Uw medicatie vindt u hier
➔ Geneesmiddelen tegen pijnZiekten en aandoeningen
Zoals bij alle bewegingen, kan rotatie worden beïnvloed door verminderde spieractiviteit of andere processen die het bewegingsbereik beperken. De effecten op vitale functies zoals eten en lopen zijn vaak overduidelijk. De getroffen mensen kunnen deze bewegingen niet meer volledig of niet meer uitvoeren en verliezen daardoor hun zelfstandigheid.
Naast de systemische ziekten zoals spierdystrofieën of amyotrofische laterale sclerose, zijn er vaak speciale verwondingen en aandoeningen die de functies belemmeren.

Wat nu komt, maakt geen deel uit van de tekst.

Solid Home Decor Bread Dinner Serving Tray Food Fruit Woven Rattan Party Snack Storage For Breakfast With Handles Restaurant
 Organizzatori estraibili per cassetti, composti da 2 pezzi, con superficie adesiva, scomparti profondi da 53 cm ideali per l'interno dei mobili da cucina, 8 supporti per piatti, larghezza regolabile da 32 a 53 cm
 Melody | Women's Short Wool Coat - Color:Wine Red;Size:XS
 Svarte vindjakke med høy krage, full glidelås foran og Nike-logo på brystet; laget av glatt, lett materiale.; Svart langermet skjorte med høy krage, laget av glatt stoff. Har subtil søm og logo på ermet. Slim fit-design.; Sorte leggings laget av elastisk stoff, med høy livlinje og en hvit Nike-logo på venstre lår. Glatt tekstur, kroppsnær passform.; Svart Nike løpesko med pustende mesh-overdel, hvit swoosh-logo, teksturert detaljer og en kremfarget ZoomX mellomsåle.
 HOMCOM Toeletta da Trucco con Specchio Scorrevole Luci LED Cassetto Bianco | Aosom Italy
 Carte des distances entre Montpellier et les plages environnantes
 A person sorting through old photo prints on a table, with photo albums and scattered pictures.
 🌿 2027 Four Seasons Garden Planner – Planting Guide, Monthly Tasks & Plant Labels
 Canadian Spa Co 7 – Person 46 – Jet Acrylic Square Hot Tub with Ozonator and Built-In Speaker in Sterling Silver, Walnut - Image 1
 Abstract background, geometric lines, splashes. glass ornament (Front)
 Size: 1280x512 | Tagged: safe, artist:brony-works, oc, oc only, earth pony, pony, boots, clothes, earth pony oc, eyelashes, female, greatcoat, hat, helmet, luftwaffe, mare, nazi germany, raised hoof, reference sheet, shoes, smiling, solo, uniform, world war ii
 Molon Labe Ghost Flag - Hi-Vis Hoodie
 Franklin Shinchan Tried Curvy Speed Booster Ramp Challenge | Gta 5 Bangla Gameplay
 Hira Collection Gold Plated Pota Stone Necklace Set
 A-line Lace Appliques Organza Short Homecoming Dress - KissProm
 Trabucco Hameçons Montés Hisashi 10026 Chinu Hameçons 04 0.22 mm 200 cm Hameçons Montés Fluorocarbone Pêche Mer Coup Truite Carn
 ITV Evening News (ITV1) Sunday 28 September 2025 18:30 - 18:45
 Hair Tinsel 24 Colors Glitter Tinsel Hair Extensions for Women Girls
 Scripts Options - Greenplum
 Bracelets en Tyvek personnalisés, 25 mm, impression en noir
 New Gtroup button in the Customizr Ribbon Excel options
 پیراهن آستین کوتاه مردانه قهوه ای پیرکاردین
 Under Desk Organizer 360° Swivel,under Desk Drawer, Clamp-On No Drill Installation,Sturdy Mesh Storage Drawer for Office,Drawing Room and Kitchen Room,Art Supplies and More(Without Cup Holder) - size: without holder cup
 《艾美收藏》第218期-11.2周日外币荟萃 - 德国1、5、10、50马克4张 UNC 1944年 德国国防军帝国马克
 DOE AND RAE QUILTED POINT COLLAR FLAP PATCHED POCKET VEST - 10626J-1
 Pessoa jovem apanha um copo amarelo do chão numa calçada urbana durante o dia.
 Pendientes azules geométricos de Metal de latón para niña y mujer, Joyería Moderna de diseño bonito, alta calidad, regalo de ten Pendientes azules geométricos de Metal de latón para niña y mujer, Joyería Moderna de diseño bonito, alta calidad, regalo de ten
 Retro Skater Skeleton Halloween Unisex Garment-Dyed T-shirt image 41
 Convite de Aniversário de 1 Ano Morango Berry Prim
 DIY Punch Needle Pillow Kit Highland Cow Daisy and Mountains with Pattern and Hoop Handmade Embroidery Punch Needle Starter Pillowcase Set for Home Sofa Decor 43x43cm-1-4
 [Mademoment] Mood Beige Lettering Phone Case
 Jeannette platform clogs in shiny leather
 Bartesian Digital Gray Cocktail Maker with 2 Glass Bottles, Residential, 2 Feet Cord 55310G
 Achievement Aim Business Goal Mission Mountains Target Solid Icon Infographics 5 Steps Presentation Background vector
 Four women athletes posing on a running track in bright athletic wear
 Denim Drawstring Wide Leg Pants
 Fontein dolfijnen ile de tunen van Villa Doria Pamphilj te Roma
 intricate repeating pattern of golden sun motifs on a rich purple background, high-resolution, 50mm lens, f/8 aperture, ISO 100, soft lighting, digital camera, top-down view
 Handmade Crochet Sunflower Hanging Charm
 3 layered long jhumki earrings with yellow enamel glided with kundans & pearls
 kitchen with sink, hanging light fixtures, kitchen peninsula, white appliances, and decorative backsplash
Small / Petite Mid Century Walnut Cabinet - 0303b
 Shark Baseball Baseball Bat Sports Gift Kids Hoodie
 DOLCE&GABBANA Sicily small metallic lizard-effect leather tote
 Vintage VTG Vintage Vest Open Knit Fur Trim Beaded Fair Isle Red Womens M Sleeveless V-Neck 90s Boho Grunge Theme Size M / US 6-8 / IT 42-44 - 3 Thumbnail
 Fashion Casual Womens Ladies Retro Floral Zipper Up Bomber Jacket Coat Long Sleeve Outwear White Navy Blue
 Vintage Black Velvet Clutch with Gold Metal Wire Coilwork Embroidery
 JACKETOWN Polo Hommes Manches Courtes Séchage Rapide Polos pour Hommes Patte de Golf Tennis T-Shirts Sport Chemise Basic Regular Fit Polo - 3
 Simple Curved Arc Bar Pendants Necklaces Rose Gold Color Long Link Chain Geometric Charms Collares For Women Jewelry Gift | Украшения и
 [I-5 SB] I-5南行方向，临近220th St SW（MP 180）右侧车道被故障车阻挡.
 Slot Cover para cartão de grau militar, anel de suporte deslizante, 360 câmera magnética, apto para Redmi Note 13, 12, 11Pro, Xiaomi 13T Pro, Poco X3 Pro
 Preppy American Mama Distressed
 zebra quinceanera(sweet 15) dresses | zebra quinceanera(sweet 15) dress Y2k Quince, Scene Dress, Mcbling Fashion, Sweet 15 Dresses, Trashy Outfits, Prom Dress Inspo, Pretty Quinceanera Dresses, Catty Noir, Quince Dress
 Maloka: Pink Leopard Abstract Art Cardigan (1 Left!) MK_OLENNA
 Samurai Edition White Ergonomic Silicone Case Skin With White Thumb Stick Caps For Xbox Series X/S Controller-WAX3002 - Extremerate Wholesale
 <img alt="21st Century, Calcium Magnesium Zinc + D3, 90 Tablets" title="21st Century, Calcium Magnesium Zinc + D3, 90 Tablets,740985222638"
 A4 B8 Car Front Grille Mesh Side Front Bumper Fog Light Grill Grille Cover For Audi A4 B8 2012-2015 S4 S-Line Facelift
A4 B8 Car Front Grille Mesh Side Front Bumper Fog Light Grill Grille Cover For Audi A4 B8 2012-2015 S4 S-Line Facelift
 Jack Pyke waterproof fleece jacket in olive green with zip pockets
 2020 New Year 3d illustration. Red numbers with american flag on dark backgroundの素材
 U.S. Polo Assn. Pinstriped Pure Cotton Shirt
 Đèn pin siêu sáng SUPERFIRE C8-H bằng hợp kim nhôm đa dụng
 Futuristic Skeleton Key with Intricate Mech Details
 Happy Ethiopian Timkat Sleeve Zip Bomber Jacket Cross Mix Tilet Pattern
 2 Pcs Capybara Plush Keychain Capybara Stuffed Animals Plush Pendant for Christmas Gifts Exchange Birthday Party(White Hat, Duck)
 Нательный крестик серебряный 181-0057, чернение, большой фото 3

In de voet kunnen dit fracturen zijn in het gebied van de voetwortelbeenderen of ligamentletsels. Ze komen vaak voort uit ongunstige bewegingen als gevolg van de werking van externe krachten. Een typisch blessuremechanisme is het zogenaamde supinatietrauma, waarbij de voet naar binnen buigt, wat vaak leidt tot breuken en scheuren van de buitenste ligamenten.
Hernia-schijven of perifere zenuwlaesies kunnen leiden tot zogenaamde dorsaalflexiezwakte. De roterende beweging wordt beïnvloed wanneer de scheenbeenzenuw is beschadigd. Een bijzondere vorm van beïnvloeding van de uitvoering van bewegingen aan de voet ontstaat typisch als gevolg van een beroerte. Hemiplegie ontwikkelt zich aan de aangedane zijde met spasticiteit van het been met een sterke neiging tot strekken en supineren. Bij het lopen wordt het been via een cirkelvormige beweging in het heupgewricht zeer sterk naar binnen geleid en kan de voet niet goed worden geplaatst. Het resultaat is het zogenaamde Wernicke-Mann gangpatroon.
In de bovenste extremiteit kan beschadiging van de armzenuwen de functies van de hand negatief beïnvloeden. Naast hernia in de cervicale wervelkolom is perifere schade aan de medianus of radiale zenuw vaak verantwoordelijk voor negatieve effecten op de rotatiebeweging.
Gebroken botten in de onderarm hebben een directe invloed op de mobiliteit van de onderarmbeenderen. Typische verwondingen van dit type zijn polsbreuken met betrokkenheid van de ellepijp en radius en de breuk of ontwrichting van de proximale radiale kop.
De rotatiebeweging als rotatiebeweging is zelfs na medische behandeling niet mogelijk, of niet toegestaan totdat het bot volledig geconsolideerd is.